Exact, les absents ont eu tort ! nous avons une fois de plus bénéficié d'une fenêtre météo très favorable.
A 7h00 nous étions 7 à Corlier : Laurent, Jean-Pierre Dumoulin, Alain Goy, OLivier Grimand, Jean Traggiai, Pascal Venet (connu sur ce forum sous le pseudo de Spader) et moi même.
Au nord les nuages noirs de la nuit s'évacuent. La route vient d'être lavée pour nous. Il fait bon rouler avec maillot court, manchettes et coupe-vent. Allure d'échauffement par le val de Cléon, col du Cruchon, Corcelles, Brénod, col de la Cheminée. A partir de là, cap au sud sous le soleil et face au ciel bleu pour une descente tranquille du Valromey. A Artemare nous pénétrons dans la brume des marais de Lavours qui nous englobe jusqu'à Culoz que nous atteignons un peu avant 9h00. Arrêt pipi, pose des coupe-vent. Nos 31 km/h de moyenne jusque là s'apprètent à fondre dès la rampe de sortie du village.

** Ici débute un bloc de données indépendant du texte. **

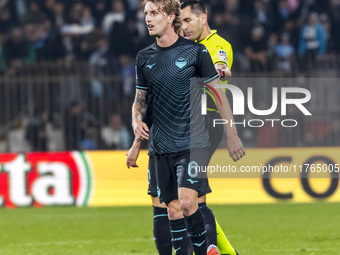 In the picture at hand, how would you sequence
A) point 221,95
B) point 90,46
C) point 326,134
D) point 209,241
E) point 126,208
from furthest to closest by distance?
point 90,46, point 326,134, point 126,208, point 209,241, point 221,95

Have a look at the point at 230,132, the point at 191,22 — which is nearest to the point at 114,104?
the point at 191,22

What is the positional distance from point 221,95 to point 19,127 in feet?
28.2

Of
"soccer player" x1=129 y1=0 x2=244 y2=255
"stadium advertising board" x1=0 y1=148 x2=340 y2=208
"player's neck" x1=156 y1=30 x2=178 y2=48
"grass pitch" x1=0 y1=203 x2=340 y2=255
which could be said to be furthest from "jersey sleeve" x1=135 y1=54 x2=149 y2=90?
"stadium advertising board" x1=0 y1=148 x2=340 y2=208

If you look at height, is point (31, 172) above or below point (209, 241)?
below

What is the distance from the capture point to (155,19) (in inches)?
231

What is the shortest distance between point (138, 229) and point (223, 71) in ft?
12.9

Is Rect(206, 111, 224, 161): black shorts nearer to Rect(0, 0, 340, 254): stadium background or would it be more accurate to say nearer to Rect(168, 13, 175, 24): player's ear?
Rect(168, 13, 175, 24): player's ear

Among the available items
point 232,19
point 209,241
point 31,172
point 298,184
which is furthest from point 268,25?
point 209,241

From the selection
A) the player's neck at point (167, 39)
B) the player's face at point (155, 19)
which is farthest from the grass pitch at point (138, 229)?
the player's face at point (155, 19)

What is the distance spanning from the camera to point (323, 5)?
642 inches

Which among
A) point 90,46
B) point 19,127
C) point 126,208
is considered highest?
point 90,46

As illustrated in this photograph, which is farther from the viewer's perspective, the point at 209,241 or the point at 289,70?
the point at 289,70

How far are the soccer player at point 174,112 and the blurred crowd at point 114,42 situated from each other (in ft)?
25.4

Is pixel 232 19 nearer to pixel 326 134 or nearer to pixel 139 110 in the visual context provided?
pixel 326 134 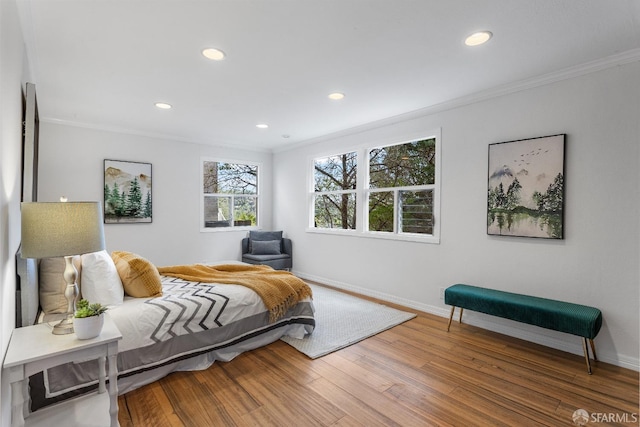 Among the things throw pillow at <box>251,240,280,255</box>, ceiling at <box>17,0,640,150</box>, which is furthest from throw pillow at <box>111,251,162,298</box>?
throw pillow at <box>251,240,280,255</box>

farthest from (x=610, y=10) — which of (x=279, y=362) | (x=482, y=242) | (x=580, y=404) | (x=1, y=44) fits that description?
(x=279, y=362)

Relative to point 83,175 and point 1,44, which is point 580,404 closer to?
point 1,44

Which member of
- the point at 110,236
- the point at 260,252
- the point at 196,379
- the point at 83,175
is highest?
the point at 83,175

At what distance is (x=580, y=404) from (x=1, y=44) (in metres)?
3.65

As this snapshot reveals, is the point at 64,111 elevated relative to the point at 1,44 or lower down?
elevated

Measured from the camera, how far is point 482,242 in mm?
3379

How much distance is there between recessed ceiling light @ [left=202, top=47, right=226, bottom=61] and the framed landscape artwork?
109 inches

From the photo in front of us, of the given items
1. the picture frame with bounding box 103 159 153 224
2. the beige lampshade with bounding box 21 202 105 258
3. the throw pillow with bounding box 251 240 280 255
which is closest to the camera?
the beige lampshade with bounding box 21 202 105 258

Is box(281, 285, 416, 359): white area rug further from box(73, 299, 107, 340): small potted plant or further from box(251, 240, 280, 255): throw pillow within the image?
box(73, 299, 107, 340): small potted plant

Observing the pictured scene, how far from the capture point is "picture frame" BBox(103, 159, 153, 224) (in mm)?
4539

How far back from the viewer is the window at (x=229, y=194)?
5.59 metres

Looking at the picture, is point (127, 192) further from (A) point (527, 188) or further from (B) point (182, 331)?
(A) point (527, 188)

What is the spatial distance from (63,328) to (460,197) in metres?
3.63

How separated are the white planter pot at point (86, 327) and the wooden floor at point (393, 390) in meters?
0.70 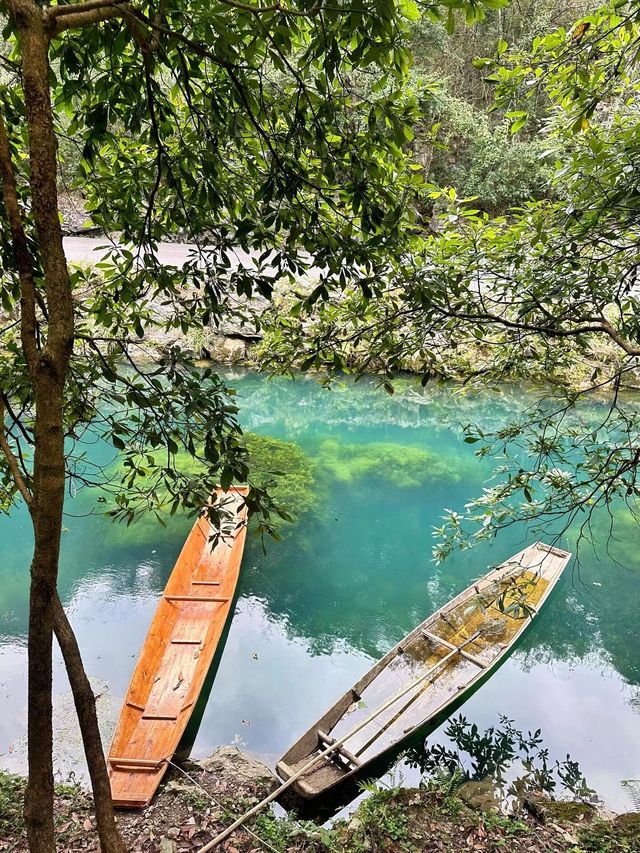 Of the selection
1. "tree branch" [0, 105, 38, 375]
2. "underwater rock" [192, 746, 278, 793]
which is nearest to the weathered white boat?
"underwater rock" [192, 746, 278, 793]

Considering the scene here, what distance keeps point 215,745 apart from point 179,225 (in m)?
3.97

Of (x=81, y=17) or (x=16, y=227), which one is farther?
(x=16, y=227)

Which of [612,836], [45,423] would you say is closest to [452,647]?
[612,836]

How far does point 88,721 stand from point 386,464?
27.1 feet

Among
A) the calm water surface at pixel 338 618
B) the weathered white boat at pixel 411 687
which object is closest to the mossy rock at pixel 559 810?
the calm water surface at pixel 338 618

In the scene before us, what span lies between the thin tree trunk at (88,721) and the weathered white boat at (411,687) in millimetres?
1767

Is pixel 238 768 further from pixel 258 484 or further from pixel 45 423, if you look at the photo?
pixel 45 423

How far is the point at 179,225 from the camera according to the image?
7.24 ft

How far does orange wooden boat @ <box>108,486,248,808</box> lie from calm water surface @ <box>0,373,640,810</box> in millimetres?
503

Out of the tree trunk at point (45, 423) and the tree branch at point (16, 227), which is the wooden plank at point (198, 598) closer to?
the tree trunk at point (45, 423)

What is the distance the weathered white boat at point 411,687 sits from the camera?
363 cm

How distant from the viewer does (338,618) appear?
587cm

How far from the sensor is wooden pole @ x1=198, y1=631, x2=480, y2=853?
2.86m

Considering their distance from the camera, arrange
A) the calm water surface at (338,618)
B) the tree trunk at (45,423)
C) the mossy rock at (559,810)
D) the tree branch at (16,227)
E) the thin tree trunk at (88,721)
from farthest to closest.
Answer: the calm water surface at (338,618)
the mossy rock at (559,810)
the thin tree trunk at (88,721)
the tree branch at (16,227)
the tree trunk at (45,423) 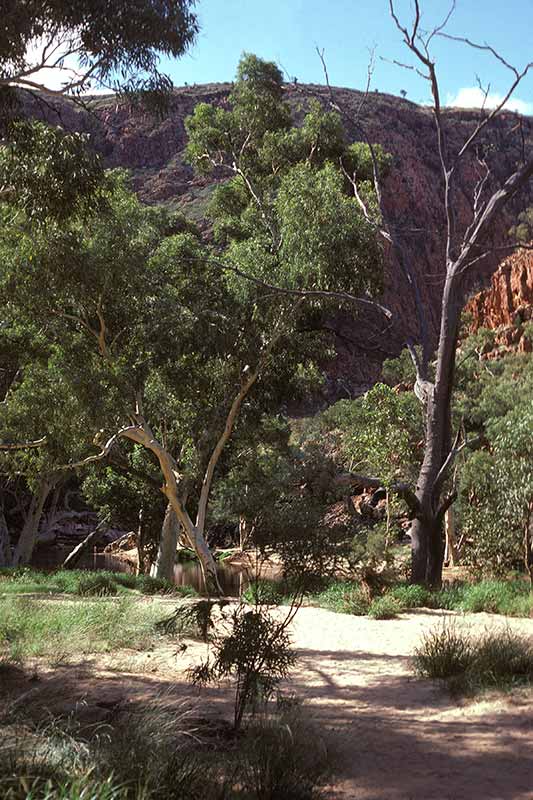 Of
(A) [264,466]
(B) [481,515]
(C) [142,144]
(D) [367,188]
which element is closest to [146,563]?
(A) [264,466]

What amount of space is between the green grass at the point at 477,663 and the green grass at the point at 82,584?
8.55m

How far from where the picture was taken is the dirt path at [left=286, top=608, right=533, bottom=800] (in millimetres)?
4254

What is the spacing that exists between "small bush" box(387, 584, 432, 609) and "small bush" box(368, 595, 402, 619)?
13 cm

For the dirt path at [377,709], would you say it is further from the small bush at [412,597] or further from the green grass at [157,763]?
the small bush at [412,597]

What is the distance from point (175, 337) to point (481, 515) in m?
8.34

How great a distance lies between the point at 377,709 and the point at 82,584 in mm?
10015

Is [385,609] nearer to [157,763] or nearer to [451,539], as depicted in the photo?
[157,763]

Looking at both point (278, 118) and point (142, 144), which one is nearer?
point (278, 118)

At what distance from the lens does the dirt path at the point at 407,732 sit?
4.25 meters

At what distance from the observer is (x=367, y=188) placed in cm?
1789

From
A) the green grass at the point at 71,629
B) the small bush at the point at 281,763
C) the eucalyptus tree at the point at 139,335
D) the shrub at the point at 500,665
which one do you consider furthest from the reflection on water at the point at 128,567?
the small bush at the point at 281,763

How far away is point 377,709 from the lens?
6398 millimetres

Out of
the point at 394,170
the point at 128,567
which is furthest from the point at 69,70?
the point at 394,170

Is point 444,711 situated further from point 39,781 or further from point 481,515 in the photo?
point 481,515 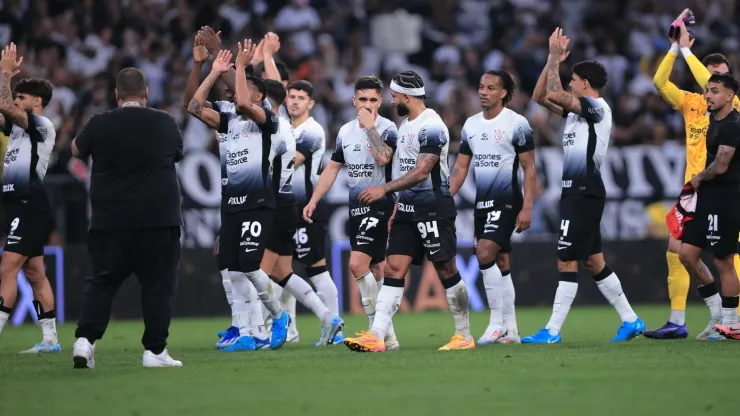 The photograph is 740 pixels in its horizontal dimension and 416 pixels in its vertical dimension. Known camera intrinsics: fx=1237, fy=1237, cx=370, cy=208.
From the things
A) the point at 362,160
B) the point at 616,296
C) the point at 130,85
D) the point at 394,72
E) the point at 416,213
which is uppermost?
→ the point at 394,72

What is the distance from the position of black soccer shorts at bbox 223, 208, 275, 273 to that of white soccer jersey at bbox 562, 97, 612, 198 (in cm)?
327

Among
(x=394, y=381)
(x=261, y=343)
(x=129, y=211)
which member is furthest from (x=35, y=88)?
(x=394, y=381)

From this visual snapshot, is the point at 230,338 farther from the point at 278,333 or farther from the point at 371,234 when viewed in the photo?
the point at 371,234

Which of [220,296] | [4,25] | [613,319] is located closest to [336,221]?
[220,296]

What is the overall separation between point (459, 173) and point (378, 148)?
55.6 inches

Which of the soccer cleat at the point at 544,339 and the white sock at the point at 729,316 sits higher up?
the white sock at the point at 729,316

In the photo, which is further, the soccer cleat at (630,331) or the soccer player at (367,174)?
the soccer cleat at (630,331)

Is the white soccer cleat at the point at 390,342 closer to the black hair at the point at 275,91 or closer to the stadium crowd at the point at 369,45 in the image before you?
the black hair at the point at 275,91

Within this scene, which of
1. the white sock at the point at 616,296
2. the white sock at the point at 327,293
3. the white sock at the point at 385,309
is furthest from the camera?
the white sock at the point at 327,293

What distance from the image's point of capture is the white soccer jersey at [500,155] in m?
13.4

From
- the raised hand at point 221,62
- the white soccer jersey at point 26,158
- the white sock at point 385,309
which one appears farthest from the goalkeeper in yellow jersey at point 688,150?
the white soccer jersey at point 26,158

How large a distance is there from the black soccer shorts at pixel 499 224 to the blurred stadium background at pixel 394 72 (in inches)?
286

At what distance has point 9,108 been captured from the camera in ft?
41.9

C'est parti pour 18 km de grimpette. La brume du bas nous protège du soleil dans la pierraille des vignes, et quelques lacets plus hauts nous émergeons au soleil.
Afin de ne pas poireauter trop longtemps au sommet, les plus costauds font quelques aller retour pour aller rechercher l'ami Laurent qui monte à son rythme avec un braquet manifestement trop gros pour cette pente (il a prévu une roue libre de VTT pour le 2 juillet).
A l'avant, le Championnat de la Montagne de St Jean de Niost se joue serré entre Spader et Jean.
Au sommet

sous le soleil et inhabituellement très peu venté, regroupement général, avant d'attaquer la descente sur Lochieu (on dirait que ça grimpe aussi par ce côté ! on verra ça dans 6 semaines) puis Champagne en Valromey.
Les premières crampes se font sentir dans les jambes d'Olivier, qui profite d'un arrêt au stand mécanique de Jean-Pierre pour commencer en tête et à son rythme la montée du Col de la Lèbe. Grimpée tranquille pour tout le groupe avec cependant les jambes de certains qui commencent à envoyer des messages douloureux. Le retour par Cormaranche, Hauteville et le col de la Berche n'est presque plus qu'une formalité roulante, sauf pour Olivier dont les jambes crient grâce.
A 13h15, nous sommes de retour à Corlier après 120 km comme prévu. Belle ballade dont le genre est à renouveller de temps en temps pour nous sortir de nos virées habituelles.
Il reste six semaines avant le 2 juillet, il faut les mettre à profit pour enchaîner les dénivelées. C'est la capacité à reprendre une, deux ou trois ascensions après quelques kilomètres de descente qui fera la différence le jour J.